When looking to buy a telescope the first trick you'll run into is ZOMG MAGNIFICATION. Every "toy" telescope in the toystore will boast bazillion times magnification, and when you know nothing about telescopes, this will seem great. It ain't.
What you want in a telescope is girth. The fatter/wider the scope is, the more light will enter it, and the more you can see. Telescopes are essentially "light buckets" from which you can see faint objects. Once you can see the faint object, THEN you can magnify it.
Refractor telescopes are what a layperson thinks of then they think of a telescope. Yar Harr Matey golden tubes with lenses at either end. The higher the big end is, the lower you have to get down to look in the lower end. While the technology has progressed since the pirate days, refractor telescopes are still expernsive as shit and probably not a good choice.
Newtonian Reflectors use two mirrors to show you the sky. Instead of being a big-end to small-end scope, they are just a big fat tube. The light comes in at the top, reflects off of a parabolic mirror at the bottom, and focuses on a secondary mirror at the top, which sends the light into the eyepiece, which means you don't have to squat down. They're also much cheaper to make.
A standard reflector comes on an AltAz mount (a tripod with a counterweight and controls for switching the Alt and Az).
Reflector mounts can also come with motorized/computerized components, letting you punch in some numbers to view an object, and take timelapse photographs with a camera mounted.

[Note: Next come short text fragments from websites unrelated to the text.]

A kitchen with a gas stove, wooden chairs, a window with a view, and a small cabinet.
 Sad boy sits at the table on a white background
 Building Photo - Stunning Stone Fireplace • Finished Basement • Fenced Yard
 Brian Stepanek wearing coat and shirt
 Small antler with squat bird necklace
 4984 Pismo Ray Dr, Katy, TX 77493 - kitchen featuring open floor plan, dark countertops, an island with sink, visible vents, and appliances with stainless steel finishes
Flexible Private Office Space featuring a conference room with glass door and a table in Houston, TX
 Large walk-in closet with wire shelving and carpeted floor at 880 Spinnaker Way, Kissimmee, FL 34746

Same technology as the reflector, but with a different mount. The Dobsonian mount swivels and pitches with ease, and is much easier to swing around to a target, as well as setup and teardown time.
Terrible for time lapse astrophotography and motorized targeting systems don't really exist.
Choosing a telescope
The first thing to do is figure out what you want to do with your scope. Astrophotography can rule in or out a heap of choices. Figure out whether you want to punch in some numbers and have the scope aim itself or whether you want to aim manually. This will narrow down the type of scope you want to one of the above scope types.
Next comes your budget. Whatever you have to spend on a scope, knock off 10-15% for accessories (barlows, filters, collimators).
With this final budget, pick the scope with the largest width. 5" is ok for the moon and basic planet watching. 8" is ok for nebulae/star clusters. Wider is better. Scopes are lightbuckets, after all. Go for the widest you can afford (and you'll note that the price goes up according to width).
A Barlow lens, usually a 2x or 3x lens, will double or triple the focal length of your scope, essentially doubling/tripling the strength of your eyepiece. The barlow fits into the scope like a regular eyepiece, and an eyepiece will fit into the top of the barlow.
There are plenty of filters to filter light from different objects. The most common types of filters are Moon filters and Solar filters. The Moon filter, commonly used on larger scopes to both increase the contrast and dampen the brightness of the moon (large scopes being larger light buckets and shining more moonlight into your eye). Solar filters enable you to observe the sun during the day without making you go blind. Through different solar filters, the sun can appear to be different colors, however the suns natural color is actually white.
Location usually doesn't make too big of a difference, but the main points are that you need
- Somewhere without a bunch of trees or other obstructions blocking all the cool shit
- Somewhere that is dark (e.g. not near a city)
If you live in a rural area with lots of trees, you will most likely want to find a body of water nearby because you can get a fairly good view of the sky in at least one direction.
- Before looking at the sky, sit somewhere dark to let your eyes adjust so that you will be able to see more in the sky.
- If you need a flash light, find one with a red tint as this will help prevent your eyes from adjusting to the light making it hard to see anything.